Per fare una giunta ormai in Italia ci vogliono almeno un paio di magistrati. Sabella è una bravissima persona, ma i magistrati dovrebbero fare il loro lavoro e non invece stare in giunta. Anche in questo una certa responsabilità è sempre dei giornali. Mi auguro che Sabella non torni mai più a fare il magistrato. Quantomeno un magistrato che entra in politica dovrebbe avere il buongusto di non pretendere mai più di giudicare i comuni cittadini.

 

Nel frattempo la Consulta ha dato torto a De Magistris. A che cosa stiamo assistendo?

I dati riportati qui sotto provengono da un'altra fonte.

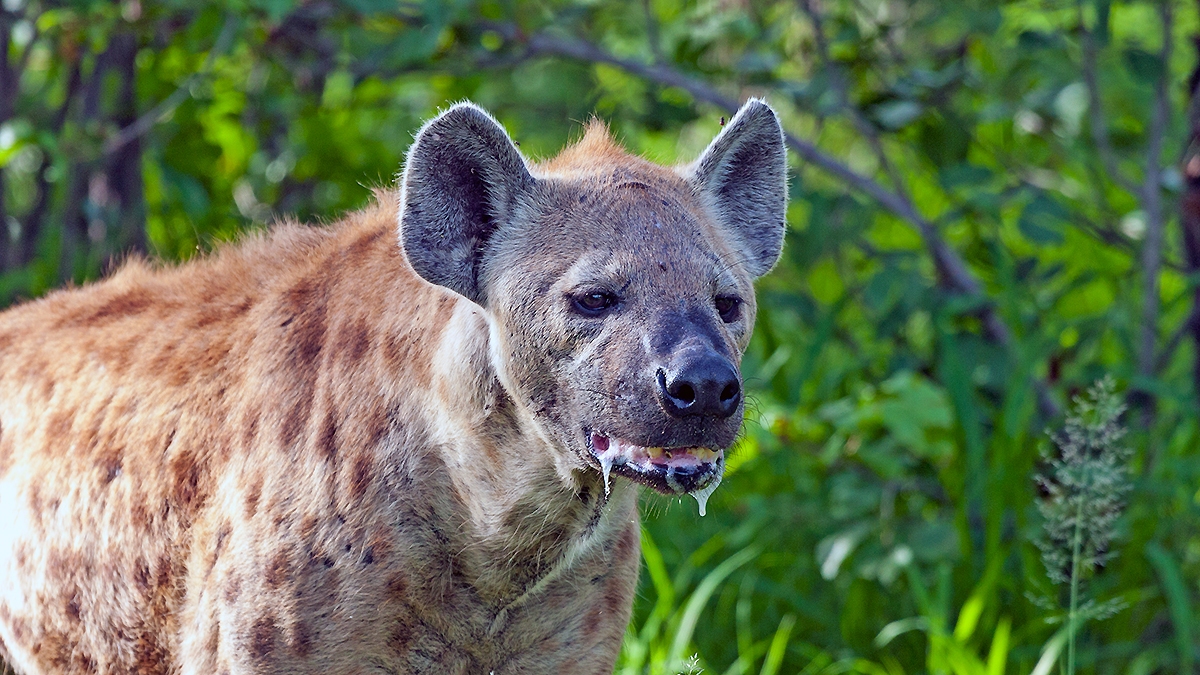 Spotted Hyena [Crocuta crocuta]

La sentenza della Corte costituzionale rischia di provocare un effetto domino. Oltre a De Magistris c’è De Luca, e la stessa volontà di Berlusconi di ricandidarsi. Si tratta comunque di un caso diverso dagli altri cui stiamo assistendo, perché la Consulta non è governata direttamente dall’Anm. Torniamo un attimo a Matteo Renzi.

 

La sua legge di stabilità è di destra o di sinistra?

Di sinistra sicuramente non è. Bisognerà vedere se Renzi la correggerà un po’, ma ha ragione Berlusconi a dire che quello della manovra è un classico spirito di centrodestra. E’ una legge di stabilità che poteva tranquillamente approvare Forza Italia. L’abolizione della tassa sulla prima casa è da 20 anni che è il cuore della linea di Berlusconi. Del resto nella Finanziaria non ci sono misure di sinistra: manca qualsiasi provvedimento in favore dei più poveri, dei disoccupati, dei ceti più disagiati.

 

Perché il segretario del Pd ha partorito una manovra di destra?

Perché Renzi si trova ad agire in un periodo storico in cui la sinistra non esiste, e questo per lui è un grande vantaggio. Non c’è il problema di coprirsi a sinistra, e quindi il premier si può muovere con molta agilità e spregiudicatezza nell’area del centro e del centrodestra.